---------- Given information ----------

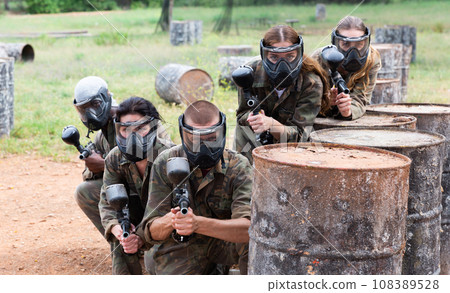 Group of paintball players aiming and shooting with guns 108389528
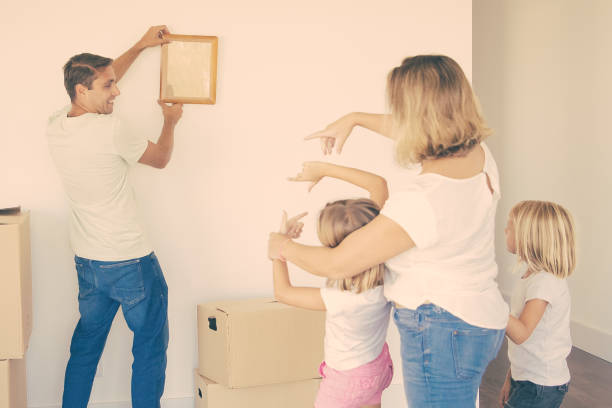 istock Caucasian dad in casual clothes hanging up empty frame on wall 1300097787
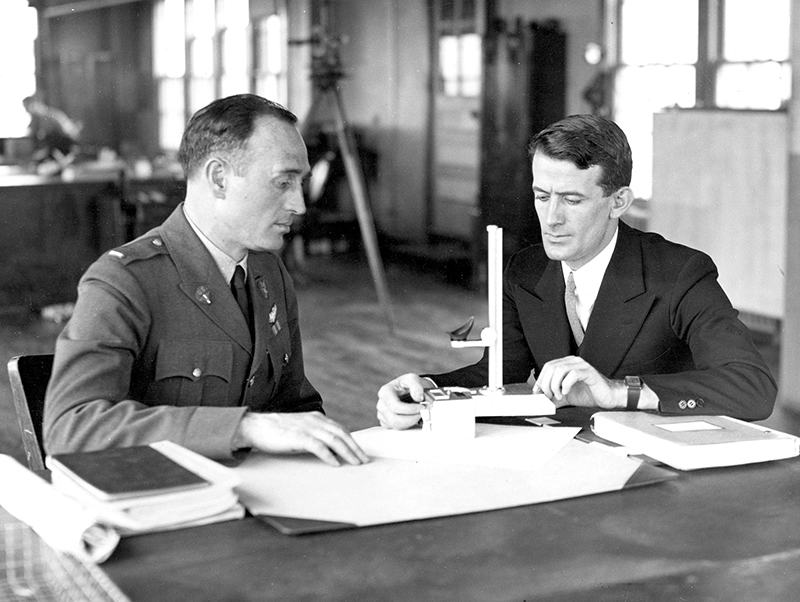 yeager_and_gatty_discussing_drift_meter_-_feb_5_1932 small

----------

Task instructions -
An exact transcription of the listing is required, and it must contain no pictures.

Exercise solution -
 Group of paintball players aiming and shooting with guns 108389528
 istock Caucasian dad in casual clothes hanging up empty frame on wall 1300097787
 yeager_and_gatty_discussing_drift_meter_-_feb_5_1932 small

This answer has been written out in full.